[DATA FOR THIS TASK — start]

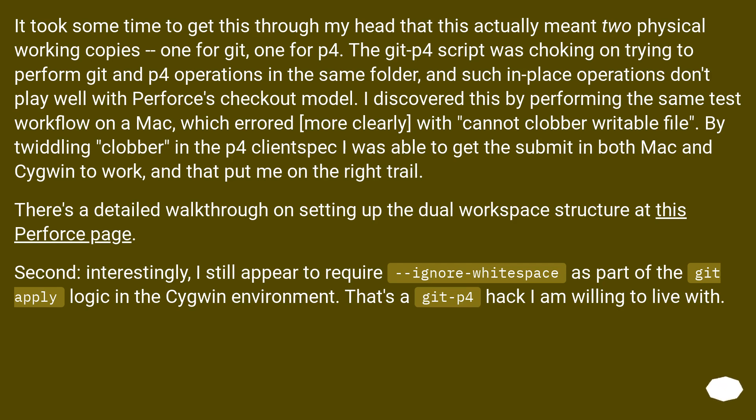Second, interestingly, I still appear to require ignore-whitespace as part of the git apply logic in the Cygwin environment. That's a git-p4 hack I am willing to live with.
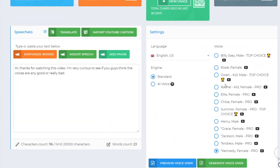The other voices are not included in the pro plan — those are with the standard plan. With the pro voices you can emphasize words, adjust speech, and add pauses, so you can really make it sound good. That is pretty much the voice samples from Speechello. In my opinion, Andrew and Kennedy are amazing. The other ones I don't really want to use, but those two are the ones I honestly like.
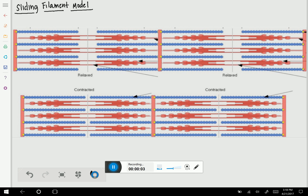Hello, in this video we will be reviewing the sliding filament model in relation to sarcomeres. When I ask you questions, I suggest that you pause and try to answer the questions yourself. Reviewing in this way is the best way to figure out what you know and what you don't know. What we are looking at here at the top are sarcomeres which are relaxed, and at the bottom are sarcomeres that are contracted. I'd like us to begin with the relaxed sarcomeres.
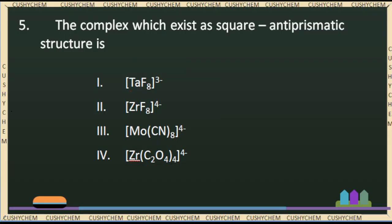Today we will discuss the first question: which complex exists as a square antiprismatic structure? So these are 4 complexes, and we have to identify which one has a square antiprismatic structure. We will discuss this antiprismatic structure.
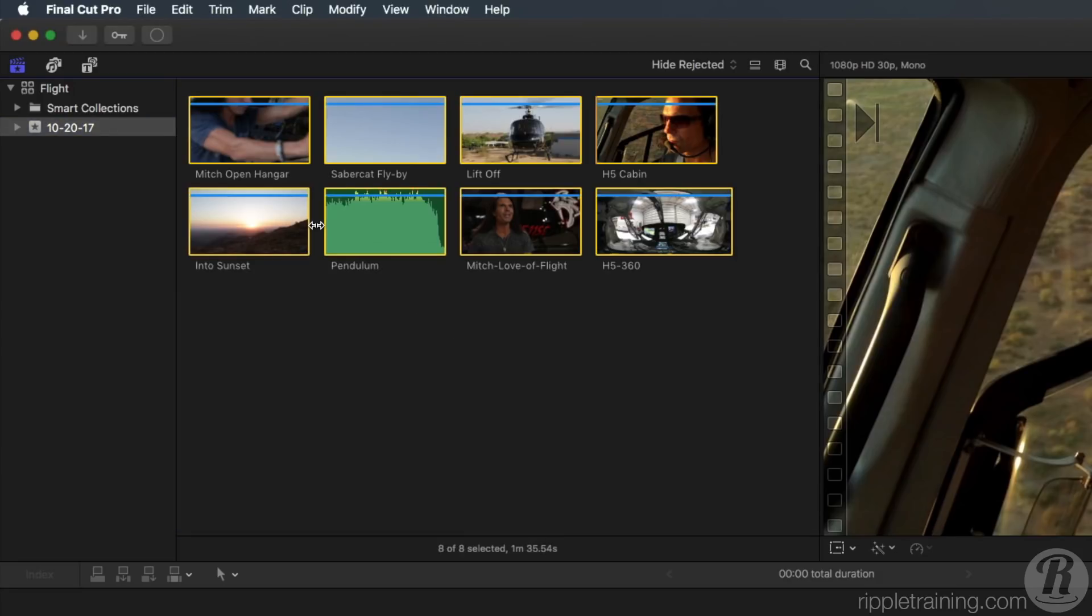Doing this will copy all the media into your library. Because the media is copied into the library, you no longer need the folder of media and you can trash it if you wish.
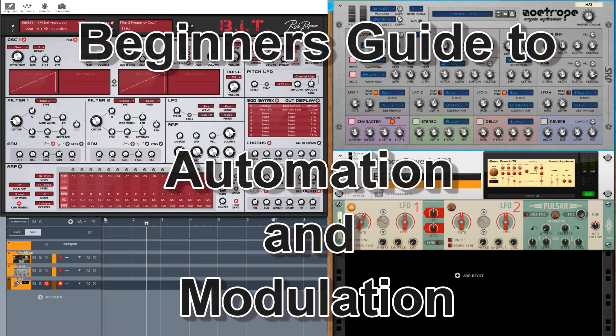Hello there Reason people, Pooh Bear here and welcome to my channel. Today we're going to be looking at quick ways of setting up automation and modulation within Reason.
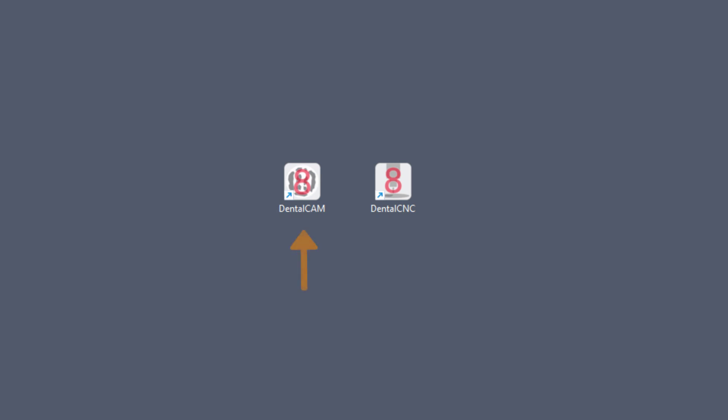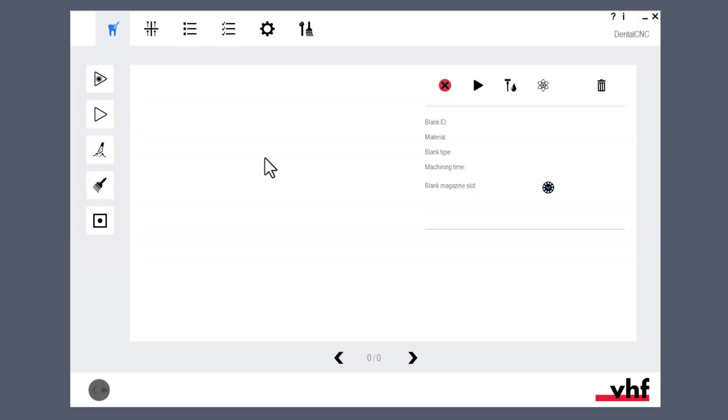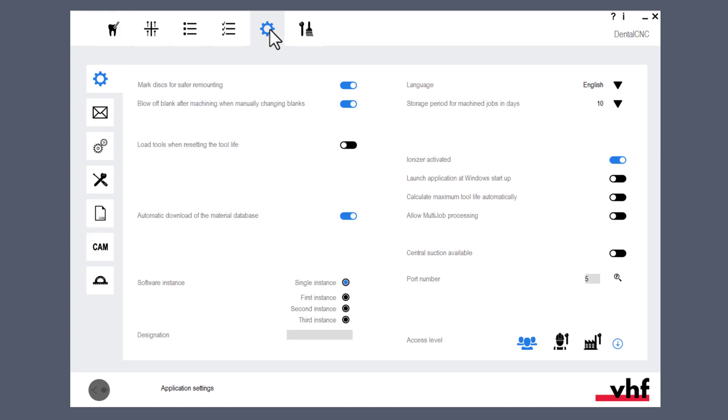In Dental CNC, open the application settings view to determine the USB port number and connect to the machine. Select the icon next to the port number input field. The application will now display the new port number next to the icon.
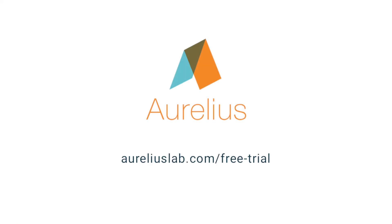Try Aurelius for yourself for 30 days to see how it helps you tag, analyze, search, and share all of your user research and insights in one place.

[DATA FOR THIS TASK — finish]

# DIRECTIONS
Output must match the lines from the start of the records above through the line that contains "The other voices", exactly and with every picture removed.

# WRITTEN REPLY
Second, interestingly, I still appear to require ignore-whitespace as part of the git apply logic in the Cygwin environment. That's a git-p4 hack I am willing to live with.
The other voices are not included in the pro plan — those are with the standard plan. With the pro voices you can emphasize words, adjust speech, and add pauses, so you can really make it sound good. That is pretty much the voice samples from Speechello. In my opinion, Andrew and Kennedy are amazing. The other ones I don't really want to use, but those two are the ones I honestly like.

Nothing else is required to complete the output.